It is not easy to frighten a great white shark. But there’s a reason orcas are called killer whales – even though they’re, in fact, dolphins.

“What do people usually associate Orca with? We all think about Free Willy, the right? Or Sea World? And we think it’s cute and cuddly, and obviously very manipulative,” said Towner.

But orcas, like the great whites, are considered the apex predators of the ocean.

“They’re prolific hunters. They’re extremely efficient. They’re pretty savage actually, because they’re so good at what they do,” she said.

“White sharks have this extreme predatory role and they’re pretty scared. But now they’ve definitely been knocked off the top pedestal here.”

The head of a great white shark protrudes above the water, its toothy mouth wide open.
A great white shark swims in Shark Alley near Dyer Island in Gansbaai, South Africa. Deadly sea creatures, apparently no longer the top predators in this part of the ocean. (Ryan Pierse/Getty Images)

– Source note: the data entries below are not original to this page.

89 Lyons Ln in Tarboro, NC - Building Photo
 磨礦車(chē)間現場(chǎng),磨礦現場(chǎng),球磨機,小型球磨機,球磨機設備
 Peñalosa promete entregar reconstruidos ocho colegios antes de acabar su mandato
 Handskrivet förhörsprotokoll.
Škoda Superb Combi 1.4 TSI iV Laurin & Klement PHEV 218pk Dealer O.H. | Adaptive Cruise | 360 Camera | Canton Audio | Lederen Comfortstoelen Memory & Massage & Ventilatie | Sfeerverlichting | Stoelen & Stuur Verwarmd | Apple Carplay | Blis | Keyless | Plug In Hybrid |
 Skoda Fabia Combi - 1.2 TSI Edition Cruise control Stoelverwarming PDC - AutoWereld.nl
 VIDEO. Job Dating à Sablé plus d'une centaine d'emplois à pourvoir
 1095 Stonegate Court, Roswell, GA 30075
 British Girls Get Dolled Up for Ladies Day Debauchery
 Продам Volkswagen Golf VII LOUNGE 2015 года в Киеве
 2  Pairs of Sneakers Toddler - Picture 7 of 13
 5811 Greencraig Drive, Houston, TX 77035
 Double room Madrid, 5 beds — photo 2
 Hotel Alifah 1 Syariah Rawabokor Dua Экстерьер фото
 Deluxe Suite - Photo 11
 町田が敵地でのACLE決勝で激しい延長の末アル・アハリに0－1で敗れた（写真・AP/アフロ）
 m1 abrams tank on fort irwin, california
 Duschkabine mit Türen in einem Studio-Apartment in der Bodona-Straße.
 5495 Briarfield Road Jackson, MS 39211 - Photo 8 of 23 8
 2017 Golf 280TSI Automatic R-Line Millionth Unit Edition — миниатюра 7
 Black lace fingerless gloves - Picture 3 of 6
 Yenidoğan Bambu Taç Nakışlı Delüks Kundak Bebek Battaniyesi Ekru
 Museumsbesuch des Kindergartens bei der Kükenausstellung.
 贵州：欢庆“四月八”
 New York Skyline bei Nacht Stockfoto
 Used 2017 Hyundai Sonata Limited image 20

Josh D. McInnes, a marine mammal researcher at the University of British Columbia, who has studied Orcas hunt large mammalssays there are a number of possible reasons why Orcas are targeting sharks.

“Killer whales can kill great white sharks based on competition for resources, perceived danger to young calves in the shell or for food,” he told CBC in an email. in an email.

“The shark’s liver is rich in nutrients and oils, and makes up a large proportion of the shark’s anatomical structure. It would make sense for killer whales to eat this organ.”

Jenny L. Atkinson, executive director of the Whale Museum in Washington, says that while the footage is novel, the behavior may not be.

There have been reports of orcas killing large whites in California since the late 90s. And a study in 2109 found that When the orcas appeared in the shark-infested waters, the great whites fled.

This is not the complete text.